# What you are asked to do:
Pictures stay out, but every line of the data is copied exactly.

=== Material supplied ===

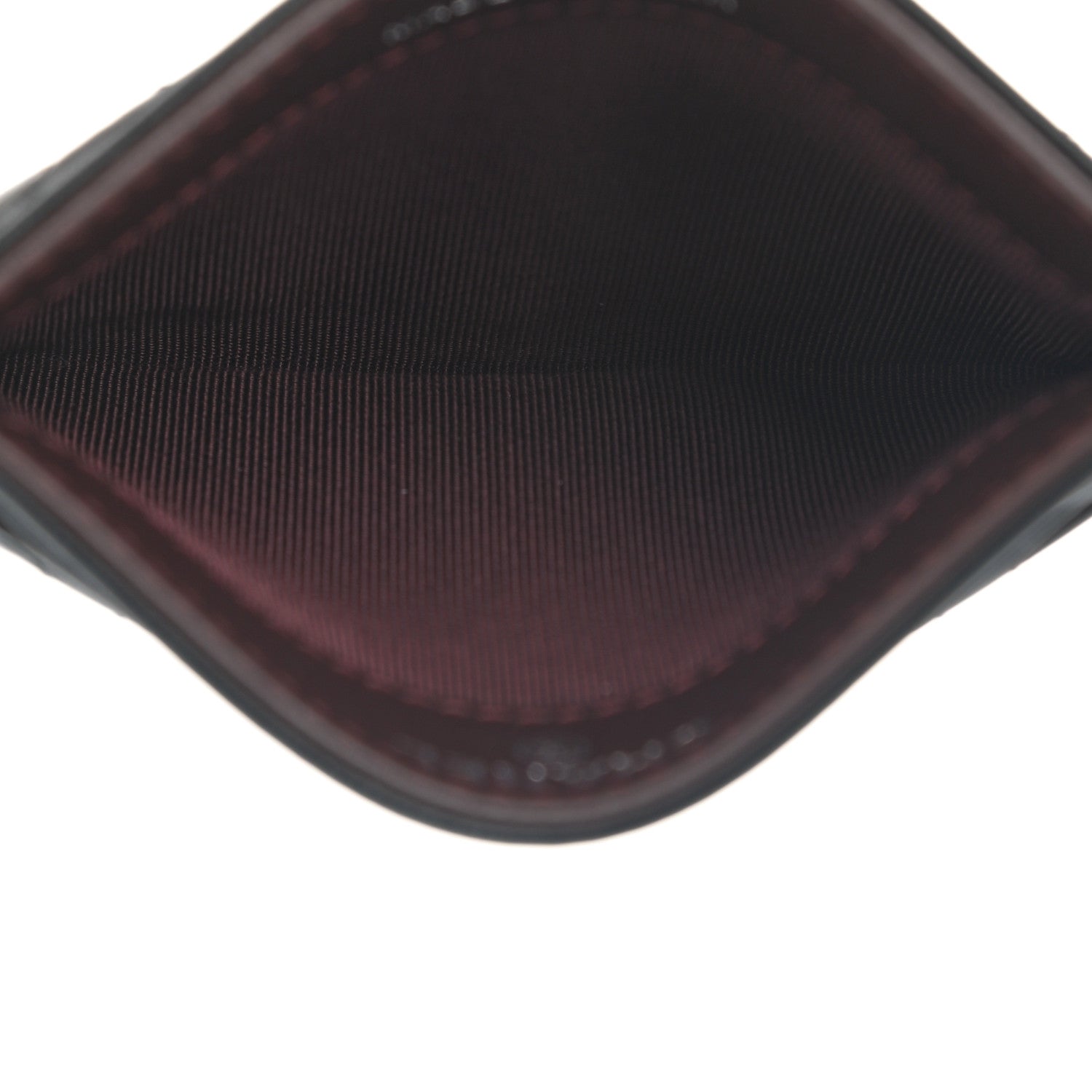 Chanel Lambskin Quilted Card Holder Black 5 of 9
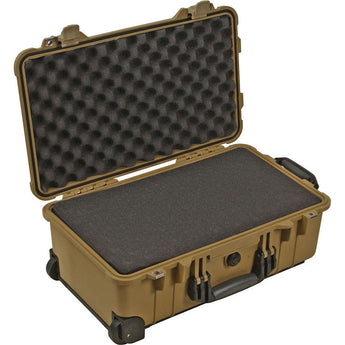 Pelican 1510 Carry-On Case with Pick & Pluck Foam - Available in Multiple Colors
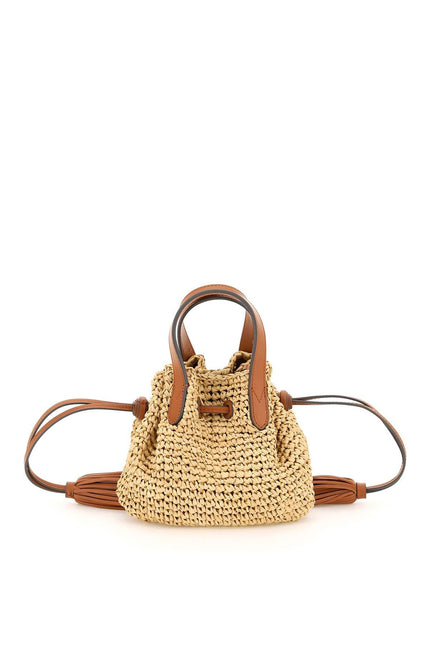 Raffia Handbag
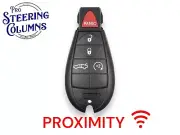 Fits 08-10 Chrysler 300 Proximity Remote Key Fob Keyless Go New 056046694AH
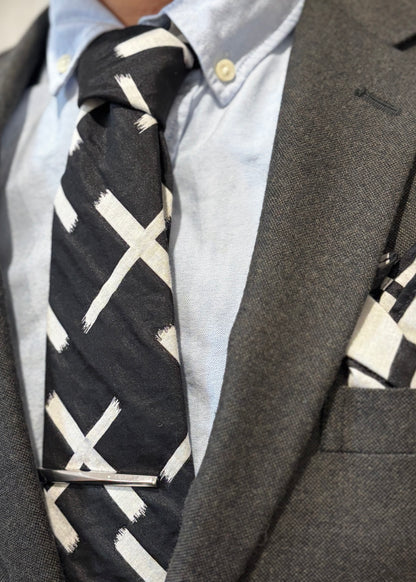 播州織ネクタイ✳︎ネクタイ✳︎日本製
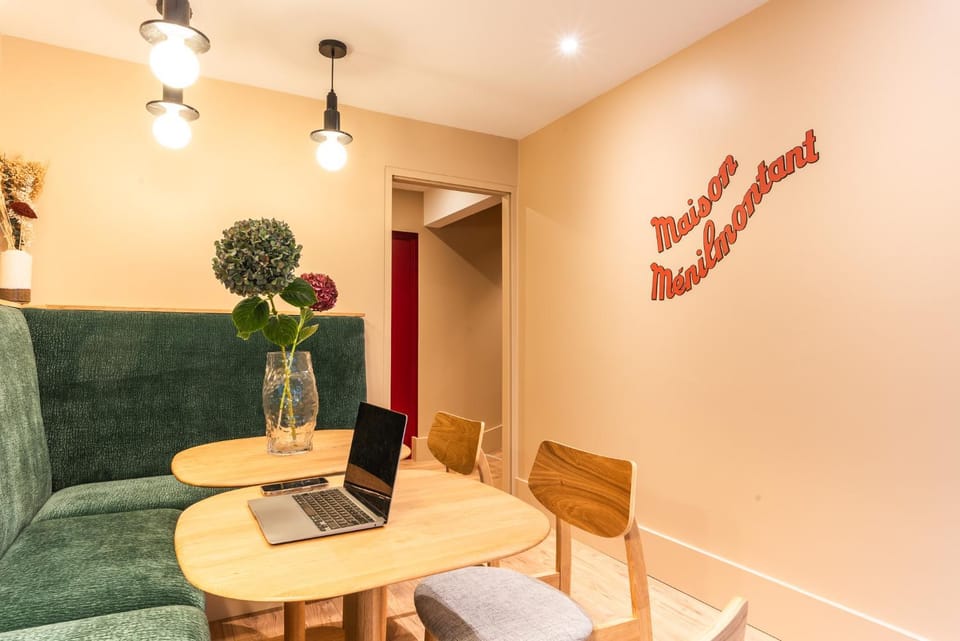 Maison Menilmontant Apartment in Paris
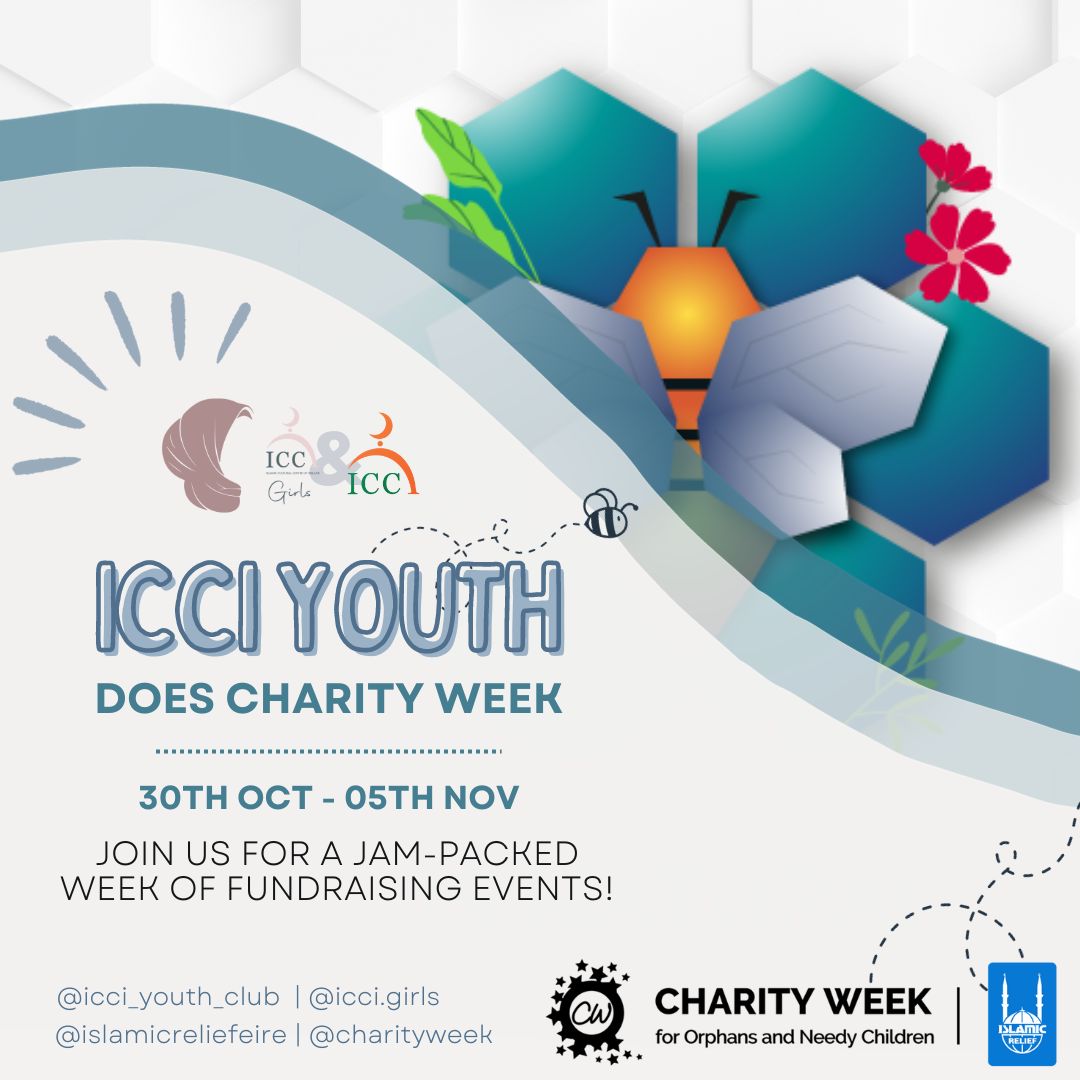 ICCI Youth are taking part in Charity Week 2023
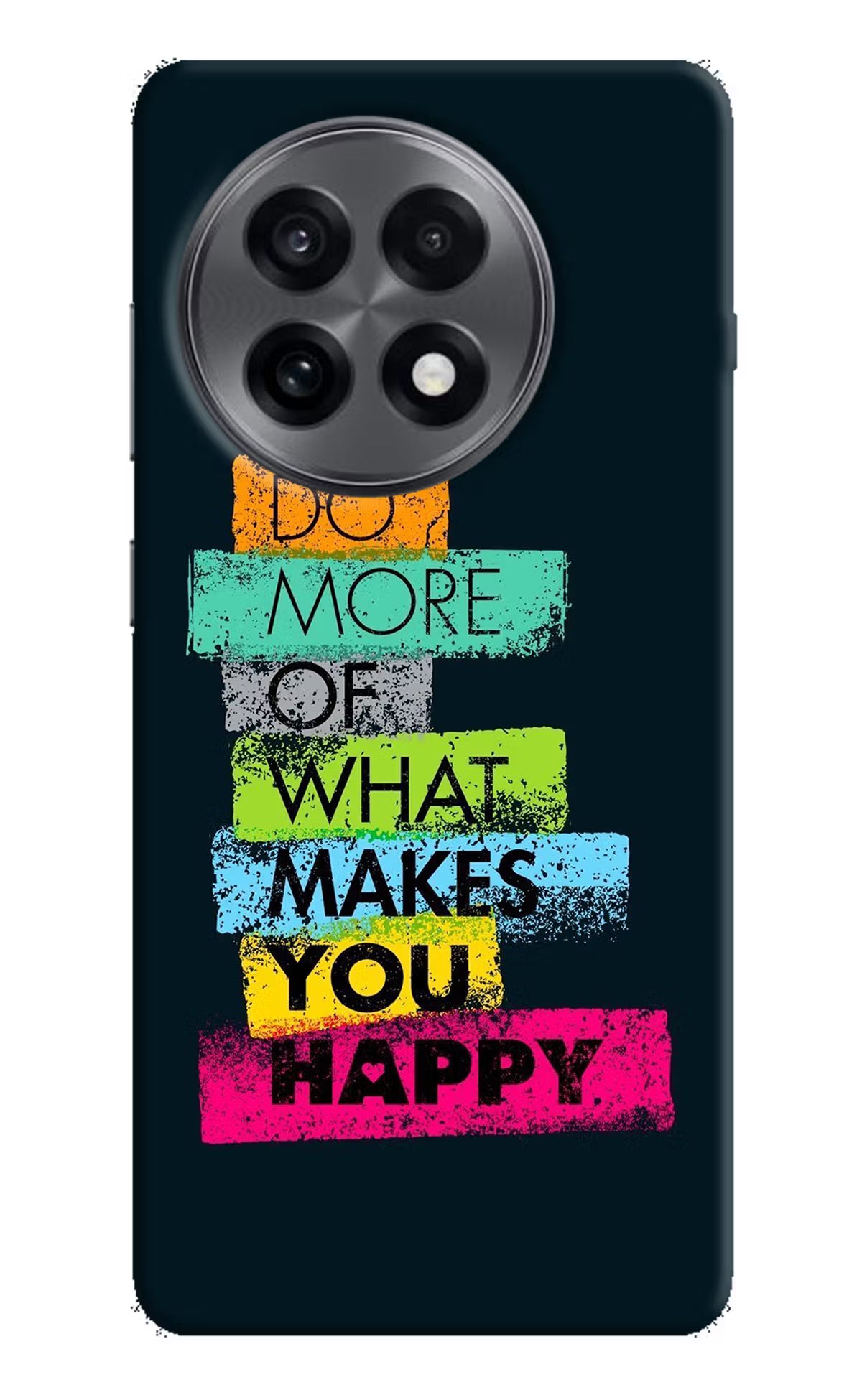Do More Of What Makes You Happy OnePlus 13R Hard Case Back Cover by Casekaro
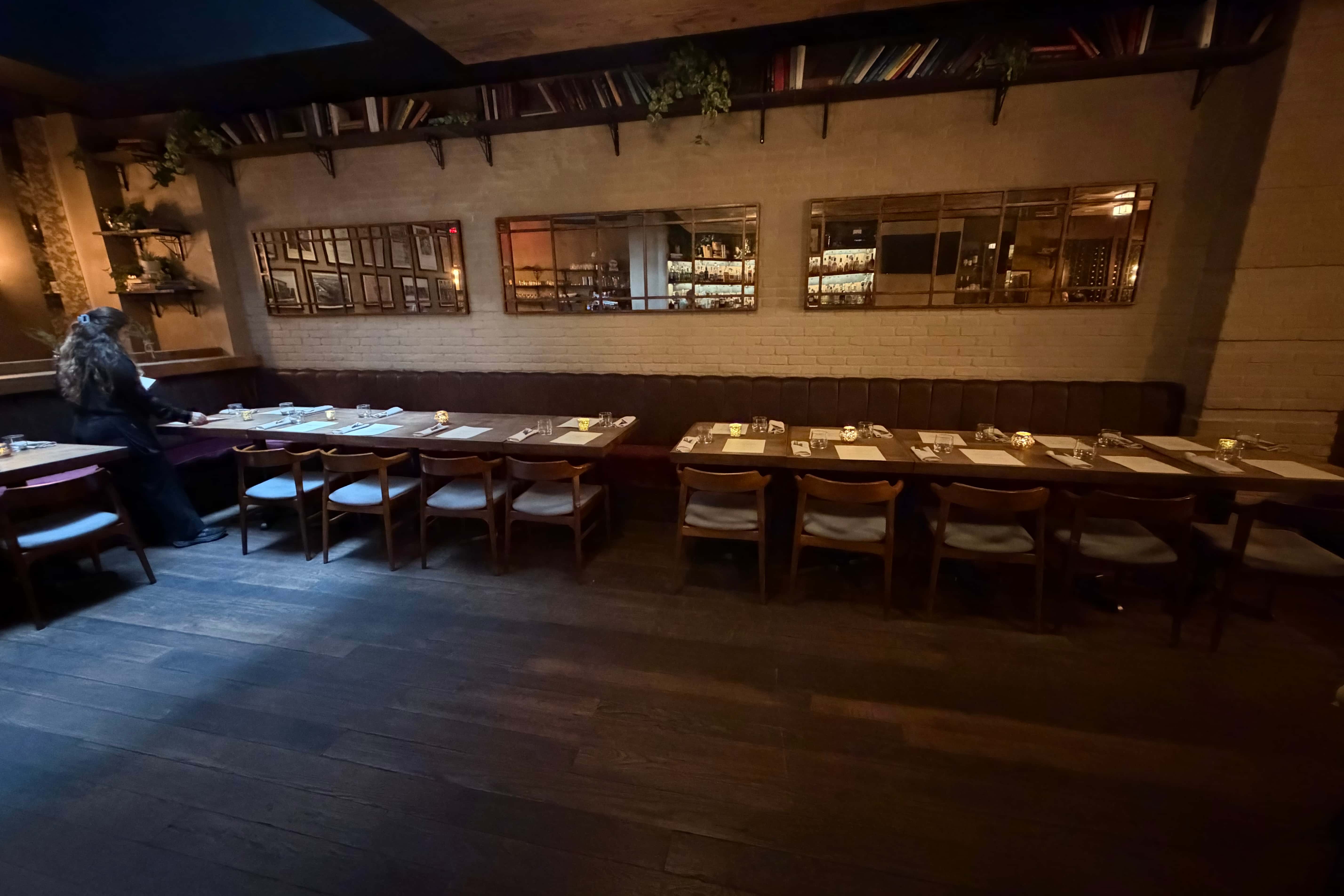 Full Buyout Seated Dinner 2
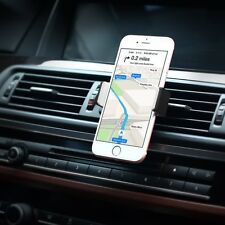PORTA CELLULARE SUPPORTO DA AUTO PER BOCCHETTE ARIA UNIVERSALE SMARTPHONE GPS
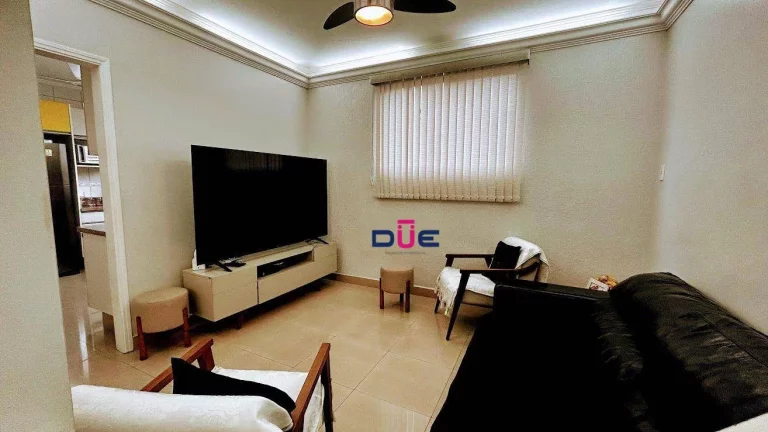 Imagem Apartamento com 3 dormitórios à venda, 132 m² por R$ 580.000,00 - Campo Grande - Santos/SP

===

# Your response:
 Chanel Lambskin Quilted Card Holder Black 5 of 9
 Pelican 1510 Carry-On Case with Pick & Pluck Foam - Available in Multiple Colors
 Raffia Handbag
 Fits 08-10 Chrysler 300 Proximity Remote Key Fob Keyless Go New 056046694AH
 播州織ネクタイ✳︎ネクタイ✳︎日本製
 Maison Menilmontant Apartment in Paris
 ICCI Youth are taking part in Charity Week 2023
Do More Of What Makes You Happy OnePlus 13R Hard Case Back Cover by Casekaro
 Full Buyout Seated Dinner 2
PORTA CELLULARE SUPPORTO DA AUTO PER BOCCHETTE ARIA UNIVERSALE SMARTPHONE GPS
 Imagem Apartamento com 3 dormitórios à venda, 132 m² por R$ 580.000,00 - Campo Grande - Santos/SP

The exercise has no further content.